Three organizations have worked together in the development of Cardano:
Cardano Foundation: The Cardano Foundation works to drive adoption, shape blockchain governance, set commercial standards, and support the community of Cardano users.
IOG (Input Output Global - Used to be named IOHK - Input Output Honk Kong): This is the technology and engineering company contracted to design, build, and maintain the Cardano platform. Founded by Charles Hoskinson and Jeremy Wood, IOHK is committed to innovation through rigorous peer-to-peer scientific review and the highest standards of assurance in software development.
EMURGO: This is the enterprise arm of Cardano, operating to boost the platform through commercial ventures. EMURGO develops, supports, and incubates commercial opportunities and helps integrate businesses into our decentralized blockchain system.
A Protocol is the basic set of rules and instructions that allow data to be shared between computers.
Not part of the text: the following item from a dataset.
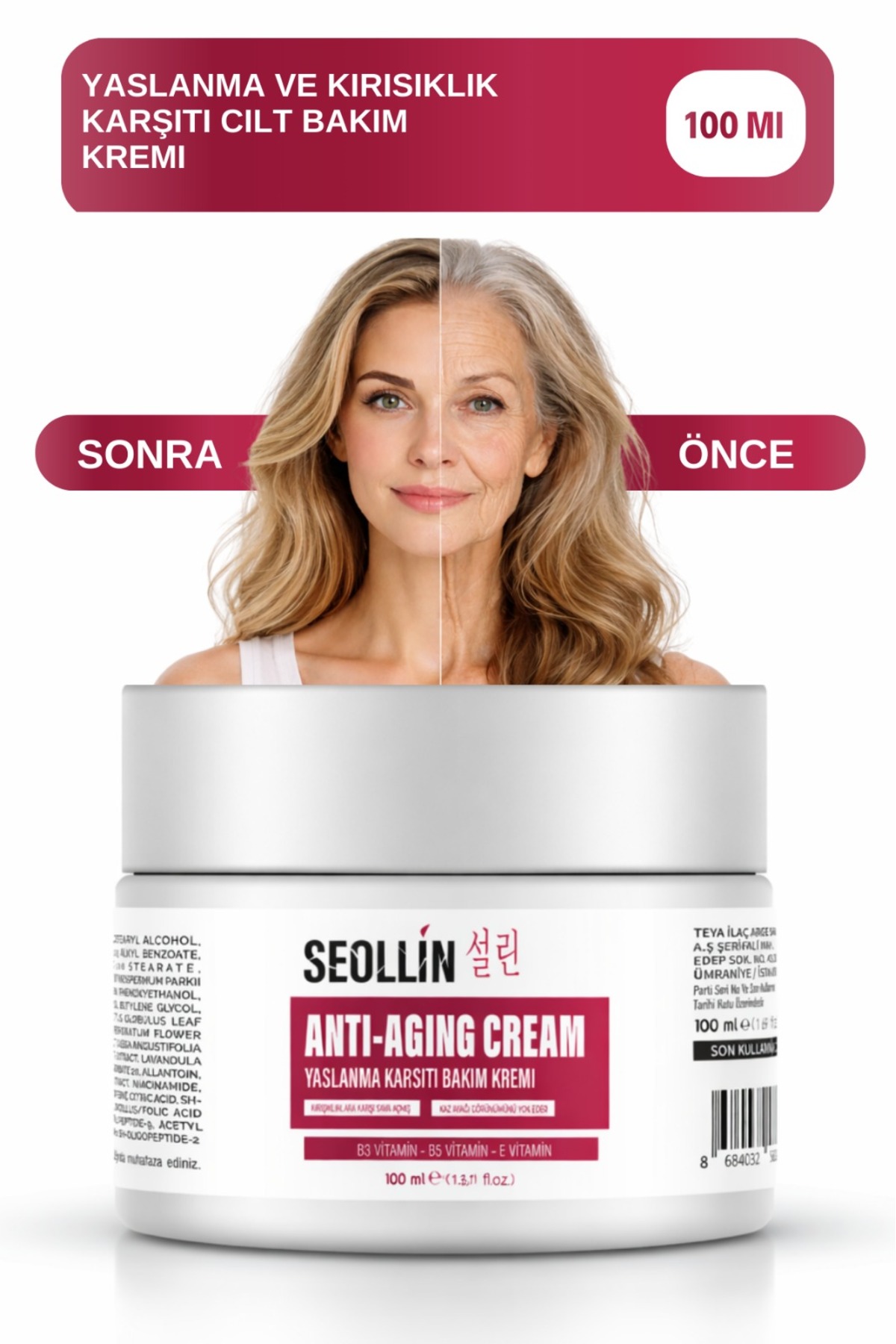 SEOLLİN Gençleştiren Botox Etkili Yaşlanma Karşıtı Ve Kırışıklık Karşıtı Leke,giderici Krem 100 ml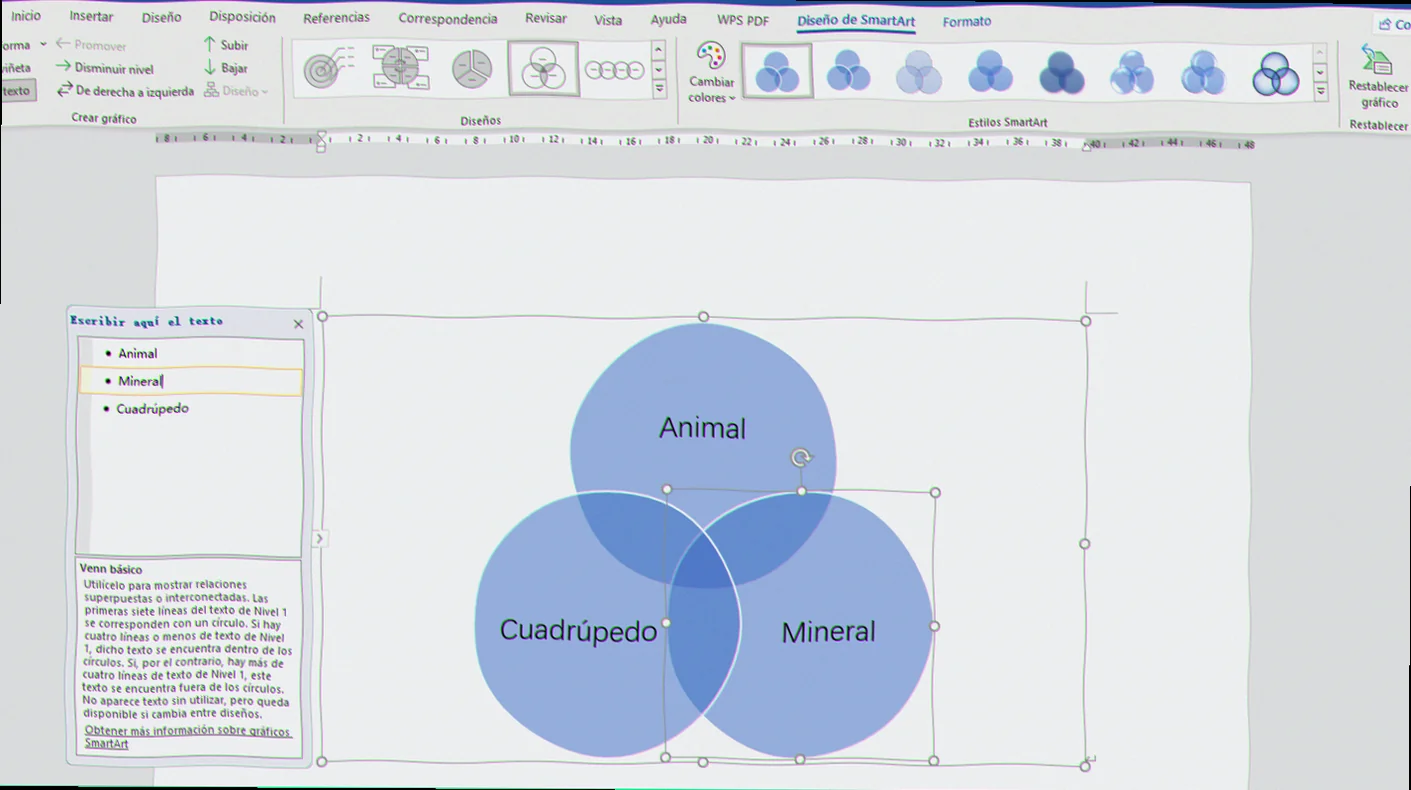 Skabelon til Venn diagram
For cryptocurrencies, they establish the structure of the blockchain which is the decentralized database that allows digital money to be securely exchanged on the internet.
There are multiple types of protocols in the crypto space but the most widely known are POW (Proof Of Work) used by Bitcoin and Ethereum 1.0 and POS (Proof Of Staking) used by Cardano, Polkadot, Tezos etc.
ADA can be purchased and transacted in any crypto exchange which supports it.
Go to this link, Click on “Markets” and you will be presented with a list of exchanges that support it and also the “Pairs” which each exchange transacts on. A pair is the 2 coins involved in a transaction. e.g.: ADA/BTC or ADA/USD.
Just like in any financial market you need to register with exchanges and comply with local laws and regulations in order to be able to participate in that market, in the cryptocurrencies industry you need to register with specific exchanges and comply with KYC (Know Your Customer) and AML (Anti Money Laundering) laws.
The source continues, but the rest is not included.